Uma das razões para este castigo é a evidência. Baixar os impostos esperando mais investimento e que assim se compense o défice, isso já foi experimentado sob outra forma, a de um longo período de juros nulos — e o investimento reduziu-se. Fazer duas vezes a mesma experiência esperando um milagre é religião e os mercados são ateus. Havia, claro, a alternativa de transferir o custo da baixa dos impostos para cortes brutos na despesa social mas, depois de tanta austeridade, isso já exige alguma espécie de lei marcial.
Quem manda, manda
O que os liberais se esqueceram foi do seu próprio êxito: quando, há poucas décadas, transformaram os bancos centrais em unidades políticas inexpugnáveis à vida democrática, retiraram aos países a capacidade de gerir as economias. Se o Banco de Inglaterra tivesse pagado o projeto inviável de Truss, ela teria vencido. Foi derrubada pela sua própria instituição. E se na zona euro a evolução foi diferente (e com restrições orçamentais que os liberais reforçam), foi porque o BCE violou as suas regras desde 2012 e financiou as dívidas públicas, na prática, sem limitação.
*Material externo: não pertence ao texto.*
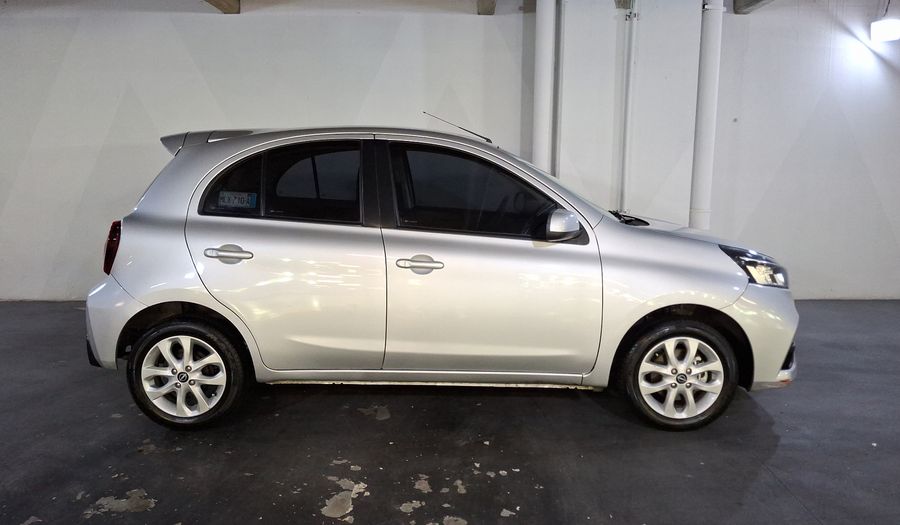 Nissan March 1.6 ADVANCE AUTO Hatchback 2023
É aqui que entra o triunfo de Washington na guerra da Ucrânia, oferecido por Putin. Submetendo a Europa e, em particular, reduzindo a Alemanha a uma nova forma de dependência energética, os EUA usam o poder imenso do banco central que financia a sua dívida gigantesca na própria moeda e que, hegemónico como é e subindo os juros, atrai capitais sem limite, exportando desse modo a recessão para o mundo e justificando toda a operação com os seus custos do militarismo planetário. Correndo atrás do prejuízo, tanto o Banco de Inglaterra como o BCE aumentaram os juros, aceitando a armadilha de atacar as suas economias, como capatazes desta ordem na Europa. Festejarão essa escolha, limitarem a inflação controlando os preços da energia é que nunca poderia ser, Zeus lançaria a sua fúria contra nós.